# --------------------------------------------------------

## Step 1) Import Libraries

In [20]:
#Libraries
import os
import shutil
import pandas as pd
import kagglehub


# --------------------------------------------------------

## Step 2) Download Dataset

the following script downloads and moves the dataset to root/Data/Raw

set to `False` if you already have the dataset

In [21]:
RUN_DOWNLOAD = False

In [22]:
if RUN_DOWNLOAD:
    # Download the dataset
    download_path = kagglehub.dataset_download("bhanupratapbiswas/inventory-analysis-case-study")

    # Define the target directory
    target_dir = os.path.abspath("../../Data/Raw")

    # Make sure the target directory exists
    os.makedirs(target_dir, exist_ok=True)

    # Move all files (not folders) from download_path to target_dir
    for filename in os.listdir(download_path):
        src = os.path.join(download_path, filename)
        dst = os.path.join(target_dir, filename)
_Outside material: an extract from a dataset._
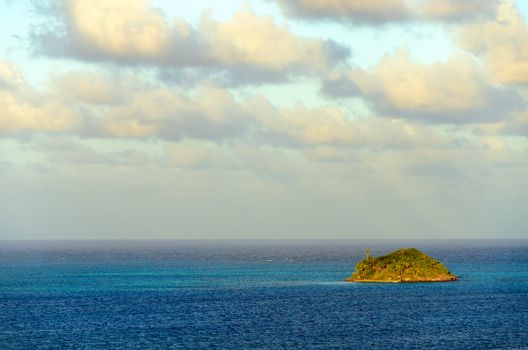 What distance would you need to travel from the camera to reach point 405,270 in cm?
17688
        if os.path.isfile(src):
            shutil.move(src, dst)

    print("Files moved to:", target_dir)
else:
    print("Download block skipped.")

Download block skipped.


# --------------------------------------------------------

## Step 3) Create Clean CSV files

Start pulling data from dataset to produce clean csv files ready for the inventory ledger

In [23]:
# Set file paths
raw_path = '../../Data/Raw/'
processed_path = '../../Data/Processed/'

# Create processed directory if it doesn't exist
os.makedirs(processed_path, exist_ok=True)

In [29]:
# Function to split composite InventoryId
def split_inventory_id(df):
    split_cols = df['InventoryId'].str.split('_', expand=True)
    df['Store'] = split_cols[0]
    df['Location'] = split_cols[1]
    df['ItemId'] = split_cols[2]
    df.drop(columns=['InventoryId'], inplace=True)
    return df

In [40]:
# Create Sales.csv (Store, ItemId, SalesQuantity, SalesDate)
# Load the Sales.csv file
sales_file = os.path.join(raw_path, 'SalesFINAL12312016.csv')
sales_df = pd.read_csv(sales_file)

# Clean Sales.csv
# 1. Keep only relevant columns (no need for Location, it's handled in Stores.csv)
sales_cleaned = sales_df[[
    'InventoryId',
    'Store',
    'SalesQuantity',
    'SalesDate'
]]

# 2. Strip whitespace and filter for stores "1" and "2"
sales_cleaned['Store'] = sales_cleaned['Store'].astype(str).str.strip()
sales_cleaned = sales_cleaned[sales_cleaned['Store'].isin(['1', '2'])]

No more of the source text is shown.